10% rebate plan sows 100% confusion
The Ministry of Trade, Industry and Energy announced Thursday that a 10-percent cash refund will be given for purchases of grade 1 energy-efficient products between July 1 and Sept. 30. Eligible products are televisions of under 40 inches, air conditioners, refrigerators, kimchi refrigerators and air purifiers. The refunds are limited to sales made by four mass merchandisers: Hi-mart, ETLand, Samsung Digital Plaza and LG Bestshop.
The initiative is part of the government’s plans for a 20 trillion won ($17 billion) fiscal stimulus package with a 10 trillion won supplementary budget earmark announced a week ago, including tax cuts for owners of old diesel automobiles who agree to scrap the polluting vehicles and buy new ones.
The announcement of the appliance refund policy came suddenly, just one day before its implementation, and employees at the retailers had to extend their working hours to meet the ministry’s demand for immediate preparations.
If retailers were unprepared, so were potential buyers. After doubts were aired about the limited scope of retailers that the policy included - no online shopping malls, TV home shopping, for example - the government revised the plan the next day to encompass all home appliance retailers, both online and offline.
Bureaucrats hastily set up a meeting with representatives of online malls.
Customers and retailers are also skeptical about the complicated refund process. To get cash back, buyers must submit requests to the Korea Energy Agency by uploading detailed transaction information online or asking the retailer to do it for them. The website for this process will be live starting July 29.
Baek Song-yi, 38, said, “A 10-percent refund is nice, but I have to give online personal identification before answering six more questions about the transaction. I guess I’ll have the shop take care of it.”
A wholesale company employee said that on top of categorizing refund receipts, the seller has to figure out how to do the personal identification for every customer. “We’ve asked the government for help, but they told us nothing is certain until July 29 when the website opens. They also told us to write down a transaction list by hand for the time being.”
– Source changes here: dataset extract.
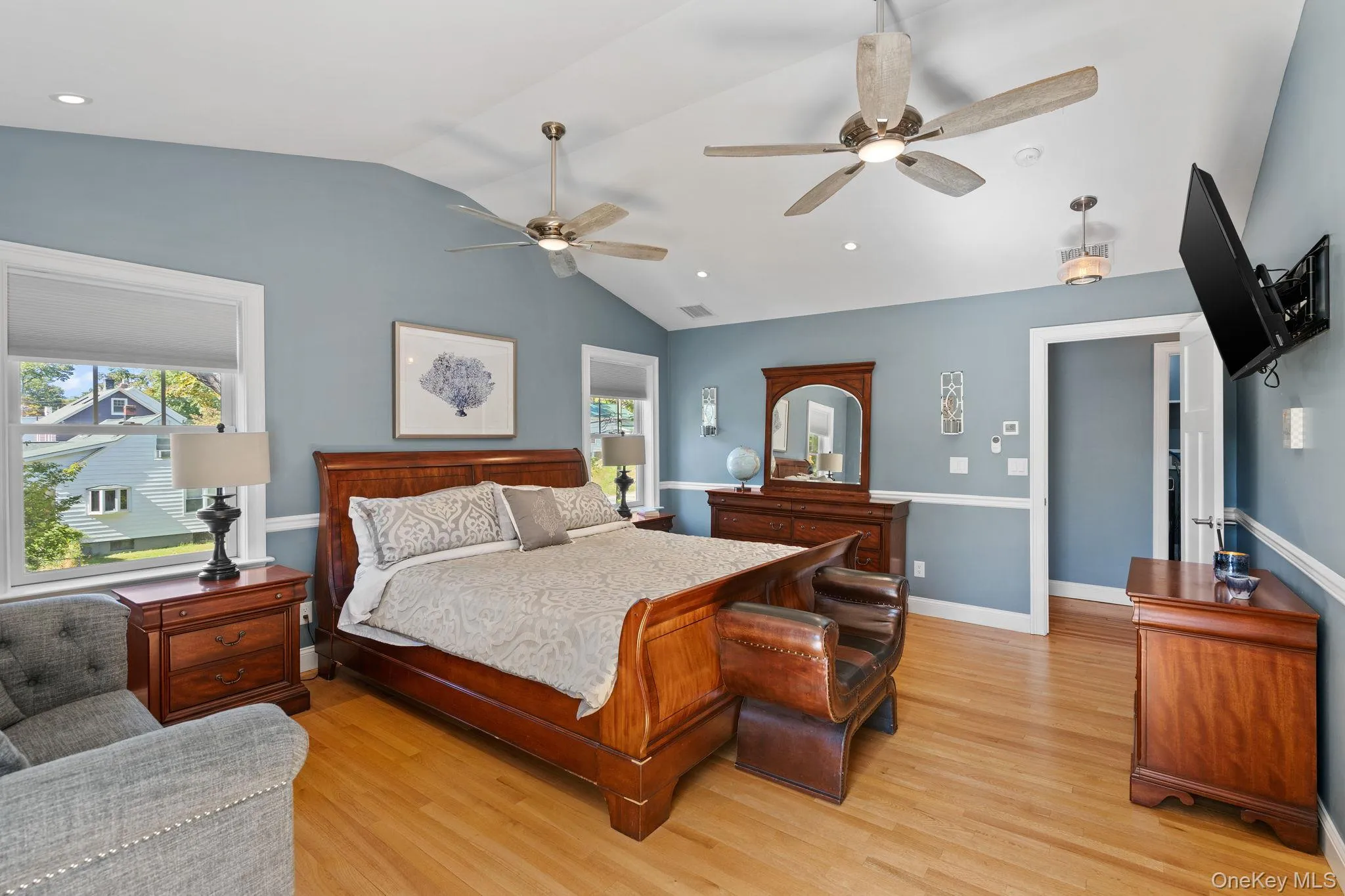 Bedroom featuring lofted ceiling, light wood finished floors, recessed lighting, and a ceiling fan Bedroom featuring lofted ceiling, light wood finished floors, recessed lighting, and a ceiling fan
The decision to apply the television refunds only to ones with screens up to 40 inches is also seen as more than a bit unrealistic. The ministry said that televisions are less power efficient than other home appliances, and sales of products under 40 inches accounted for 65 percent of all TV sales in 2015. So the limit, Seoul said, was necessary to save energy.
According to industry sources, however, smaller screen TVs made up only about 20 percent of the market for the past six months.
“I don’t understand why they put this limit on TVs only,” the industry official said, “The bigger a product, the more power it requires. What about the air conditioners and refrigerators?”
The ministry has not given clear information on the policy’s finances as well. It earlier said that the refund might be ended early if the available funds are exhausted, but in a telephone interview with the JoongAng Ilbo Sunday, a ministry official said, “There could be more funding; we still have to decide the exact amount.”
A press release on Monday tried to address the growing criticism that the policy is incomplete and hastily conceived. The ministry said humbly that it would continue to communicate with retailers to gather suggestions, increase understanding of the industry, and open call centers to respond more actively to consumers’ concerns. It also said that a concrete funding plan is currently being devised based on expected sales and seasonal effects on demand.
Other retailers that joined the refund event after the revision started promoting it Sunday. Hyundai Department Store said that 15 stores across the nation would have an eco-friendly home appliance festival to participate in the government’s initiative.
The 10 percent refund is available at other discount supermarkets, online malls and home shopping channels as well.